Technology

Notes

Get Smart: Deep Learning Networks

February, 2015

Deep For computational deep learning, you need a model to learn the machines on. A model is a mathematical representation of what you are studying. You need a good model, one that can be trained by the data.

The model goes through a training process where it makes decisions based on the data it has, and if the decision is a wrong one, it must change its approach until it reliably gets at the correct decision.

Standard statistical models discover patterns, but deep learning models learn themselves some actual computation, modest methods that can then stretch wide and flat across the cluster.

The New Yorker provides an example: A deep learning program is tasked with playing the old Atari game Breakout, in which the player must make an opening in a wall by repeatability hitting it with a ball. The program's goal is to win the game, though it is given no instruction how to do so. It can, however, analyze its scores. In this way, it can distinguish moves that bring points, versus those that do not. Given enough time, it could amass enough knowledge to win the game.

You need a neural network, 10-20 layers deep. The more expensive the algorithm, the deeper the circuit you'll need.

Machine learning models can solve any problem at hand given infinite data and time for training. With infinite resources, you could simply map into memory every possible answer, and then every possible path to every answer.

The challenge in making deep learning practical is to find a way to get the desired result with only a finite amount of resources, namely what you have on hand.

There is less guarantee here that the model on hand will find the answer this way, which is why you must do all the work to make a model as kick-ass as possible.
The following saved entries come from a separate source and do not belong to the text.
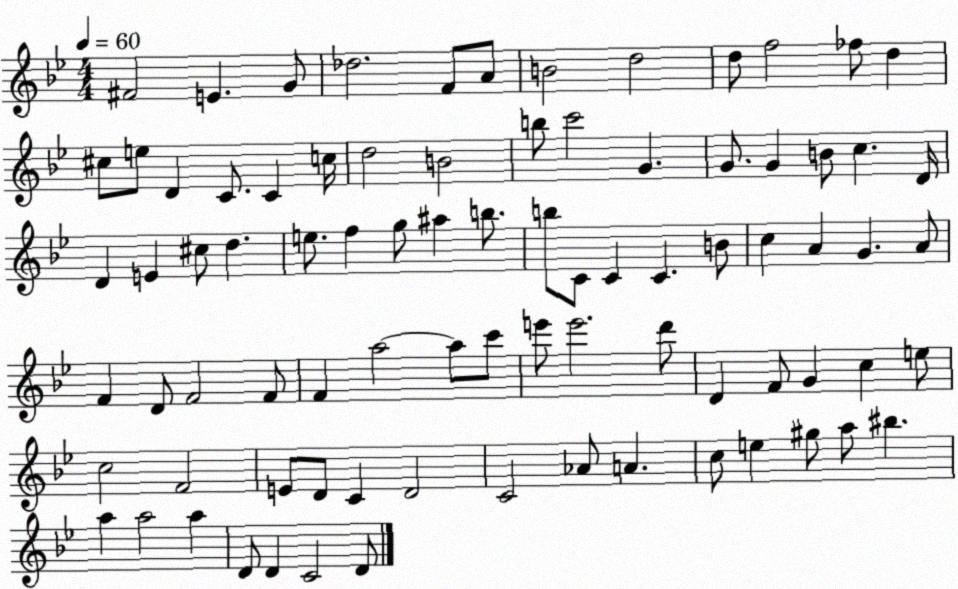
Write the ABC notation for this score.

X:1
T:Untitled
M:4/4
L:1/4
K:Bb
^F2 E G/2 _d2 F/2 A/2 B2 d2 d/2 f2 _f/2 d ^c/2 e/2 D C/2 C c/4 d2 B2 b/2 c'2 G G/2 G B/2 c D/4 D E ^c/2 d e/2 f g/2 ^a b/2 b/2 C/2 C C B/2 c A G A/2 F D/2 F2 F/2 F a2 a/2 c'/2 e'/2 e'2 d'/2 D F/2 G c e/2 c2 F2 E/2 D/2 C D2 C2 _A/2 A c/2 e ^g/2 a/2 ^b a a2 a D/2 D C2 D/2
Use the Stochastic Gradient Descent (SGD), which can help immensely in the training of current deep learning models. SGD is the main pillar of deep learning, a surprisingly efficient algo for training a neural network.

SGD starts by identifying easy correlations, putting a markers on them, and then going on to search more larger, more obscure correlations.

This is how machines get smarter, moving ever so gradually from deductive to inductive reasoning.

Perhaps one day, we can enjoy unsupervised learning. But that day is not today. There also is semi-supervised learning, in which the model gets a data dump and must figure out itself how to categorize it all, or at least those portions that haven't been indexed, taxonomically divvied up or otherwise organized with a set of instructions as to what means what.

For the models trained on supervised learning though, the data set must be clean, well annotated. The mean must be at zero, and the dimensions must be bounded sensibly. Train multiple neural networks and take the average of the results.

For some tasks, such neural networks can be more efficient than standard Boolean circuits. Sorting 10 six-bit numbers by neural networks requires fewer circuit layers.

Notes taken from: "A Brief Overview of Deep Learning" by Google's Ilya Sutskever, with some additional bits thrown in from "A Tour of Machine Learning Algorithms."